Integration prob.: int [6 to 1] [x / sqrt x + 3] dx

[mooshupork34]

here's a problem that i'm having trouble with so if anyone could help, i'd appreciate.

the definite integral of 6 to 1 for the function x divided by the square root of x+3 represents an area and a net change.

i have to find out the following
a) the area of what?
b) the net change of what function?

 

[galactus]

Is this what you have:

\(\displaystyle \L\\\int_{1}^{6}\frac{x}{\sqrt{x+3}}dx\)

If so, let \(\displaystyle \L\\u=\sqrt{x+3}, \;\ du=\frac{1}{2\sqrt{x+3}}dx, \;\ 2du=\frac{1}{\sqrt{x+3}}dx\)

This is the area you're finding.

 

[mooshupork34]

Thanks! But how do you use the

2du = (1)/(square root of x + 3) to solve the problem?

 

[mooshupork34]

So here's what I got so far....and I don't know if this is correct.

I substituted sqrt[x+3] for you.

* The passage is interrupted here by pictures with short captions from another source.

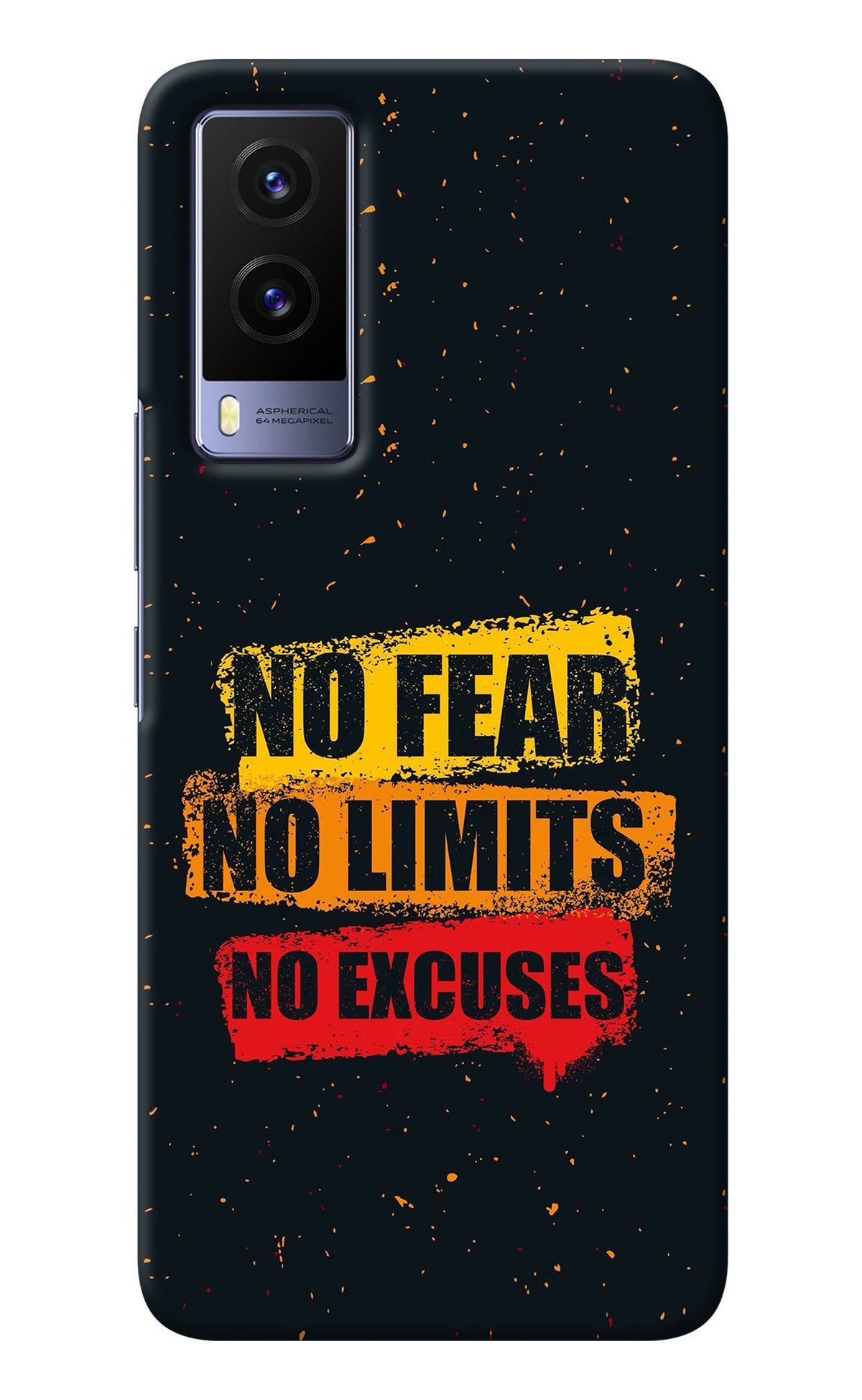 No Fear No Limits No Excuse Vivo V21E 5G Back Cover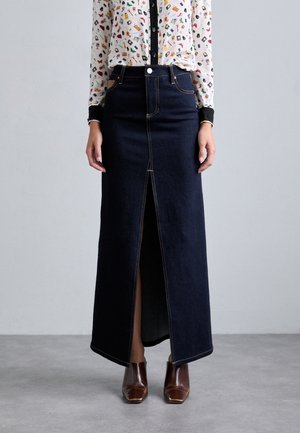 SKIRT COMBO - Denim skirt - dark rinse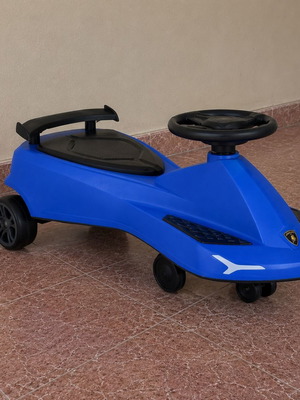 Ride On Swing Car Lamborghini Moni new, blue and red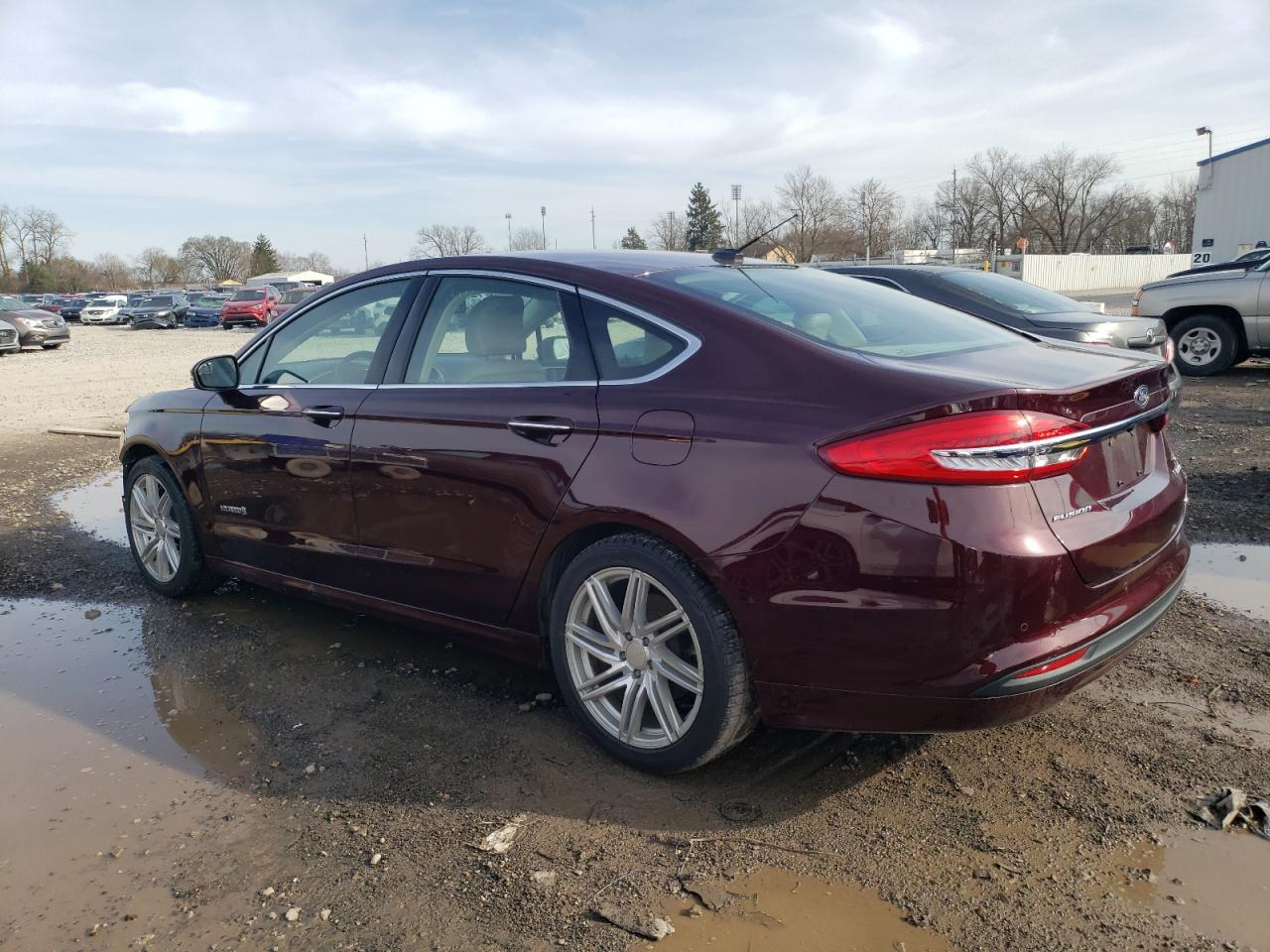 Photo 1 VIN: 3FA6P0LU5JR252144 - FORD FUSION 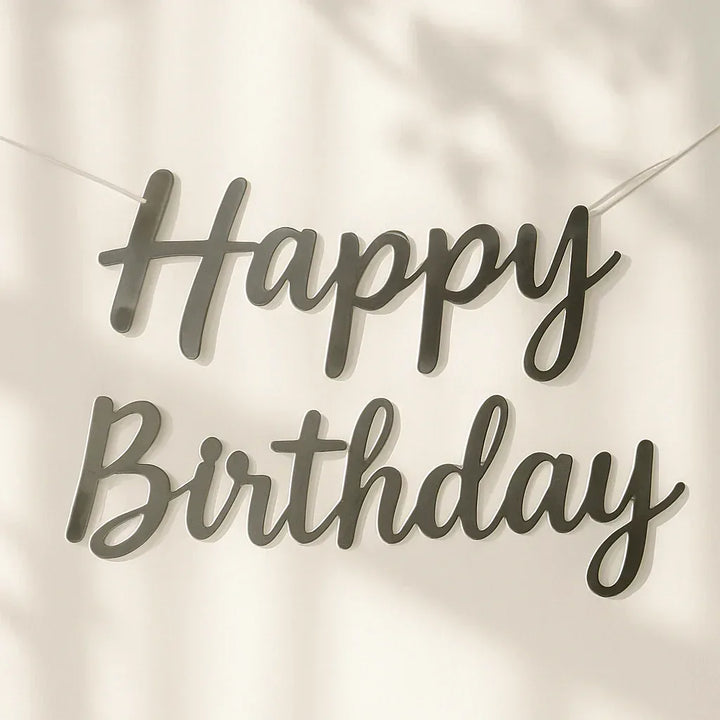 Add-On Metallic Banner Topper (Birthday / Anniversary) - atfleurs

Then, I got that du = 2 * sqrt[x+3] dx.

I realized that du is just 2 * u.

So then this left me with the integral of:

x/u multiplied by 2u

That's where I got stuck.

 

[galactus]

You got off on the wrong footing.

\(\displaystyle \L\\\int_{1}^{6}\frac{x}{\sqrt{x+3}}dx\)

We are going to use \(\displaystyle \L\\u=\sqrt{x+3}\) ...[1]

Differentiating, we get \(\displaystyle \L\\u=\frac{1}{2\sqrt{x+3}}dx\)..OK so far?.

Therefore, \(\displaystyle \L\\2du=\frac{1}{\sqrt{x+3}}dx\)...See?.


Solve [1] for x: \(\displaystyle \L\\x=u^{2}-3\)

As you can see(hopefully), you now have your substitutions:

Now, because of the this, we must change the limits of integration.

We have that x=1 and x=6:

\(\displaystyle \L\\u=\sqrt{1+3}=2\)
\(\displaystyle \L\\u=\sqrt{6+3}=3\)

Now, we have:

\(\displaystyle \L\\2\int_{2}^{3}(u^{2}-3)du\)